The year for the National Theatre so far has been beset by the dramas over the dramas on its programme – depending on your viewpoint, it either doesn't contain enough classics or it has far too many revivals; it's too risk averse or it includes too much theatrical pretension for a venue with inclusivity at its heart. The return of the Bristol Old Vic’s devised interpretation of Bronte’s Jane Eyre seems like it must offer a brief respite from this chatter, being a surefire crowd pleaser that will make everyone happy as it's come back to the National as part of a long-running UK tour, bursting with critical acclaim. Yet the overall impact of this production is so ineffective as to make you wonder if these critics saw a different show to the one here – or to question how attuned their acclaim is to the swathes of the paying audience who decided not to return after managing to sit through the mind-numbingly dull two hours of the first act.
What the execution may be lacking, the effort and utter conviction of those involved is clear
It turns the tale of Eyre into a “Life Story” of positive female attitude, played on a stage filled with plain, unmoving timber and scaffold, by a multi-skilled small cast of ten; one of whom is a woman with an ethereal presence and powerful singing voice, Melanie Marshall, who spends much of her time appearing from nowhere and without warning to give a rendition of some classic lament. With such obvious signifiers from the outset that this is ‘intelligent theatre done by intelligent people', it deserves a good response if it were a piece produced by an end of year Drama School troupe. But I can only assume that whatever it was that created such cheers for the original is now just the bare bones of an idea with little more meat to it than over worn, textbook performance art cliché, devoid of characterisation, empathy or truth.

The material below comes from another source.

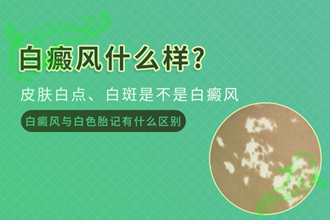 頸部白癩風(fēng)發(fā)作的因素，原來是生活中容易忽視的細(xì)節(jié)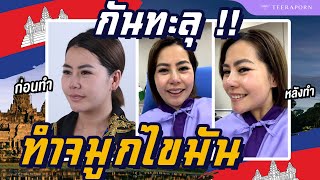 เสริมจมูกไขมันหลังทำทันที From Cambodia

What it has in bucketloads is a pretentious pomposity reminiscent of Salome – but without the balls to do something that makes an audience care. At least with Salome, it was difficult to say you had ever seen anything like it before (even if you may never want to again). The same can’t be said here as it seems to work through the checklist of clever theatrical allusory devices. From the aforementioned, ‘easily tourable' planks of wood that make ‘everywhere, nowhere’ settings that the performers can - and do - continuously walk around and around, and over and under. To the cast acting, singing and playing the musical instruments, remaining onstage at all times and slipping through roles with little more than a new smock top. The common looks into the distance for anguish... The making of the sounds and movements of a train, to be... a train... An actor playing the role of a dog by slapping his leg with a truncheon, sticking his tongue out and gasping a lot. The last one gets a lot of laughs, which also acts as a way to wake some members of the audience.
It feels like it was such a good idea on paper - Jane Eyre wasn’t a weak woman but one whose desire to be free caused her to struggle against the role society expected her to play. But it’s an idea that is never quite brought to life with anything unexpected or thrilling. At one point, Jane sews with another woman and looks dissatisfied a lot. At several other times, we see her torment with her inner demons – we literally see it as the other actors speak to her as her conscience. And she is driven wild by the power that love can have – which is made clear as the singing lady hovers and sings Mad About The Boy. She sings it well. And it hints at a dark side to her character coming through. But unless you don't go to the theatre that often. none of that should surprise you.
What the execution may be lacking, the effort and utter conviction of those involved is clear, rarely deviating from a particular speech rhythm or explicitly choreographed move, such is their belief unswerving. The small cast – including Nadia Clifford as the drearingly earnest monotone Jane and Tim Delap as the thigh-slapping, qausi-pantomime villain Rochester – play more ages, genders, animals, vehicles and buildings than is possible to keep up with to try and fill the epic timespan of the Bronte book. But somehow this shared conviction leads to nothing you haven't seen before, all done with a shared delivery, movement, expression and use of metaphor that quickly leads to a lack of surprise. After over three hours of watching, you may feel like you have sat through something which had a lot less impact, created by a lot less people and performed for a much smaller audience. You may also find it difficult to leave having less interest.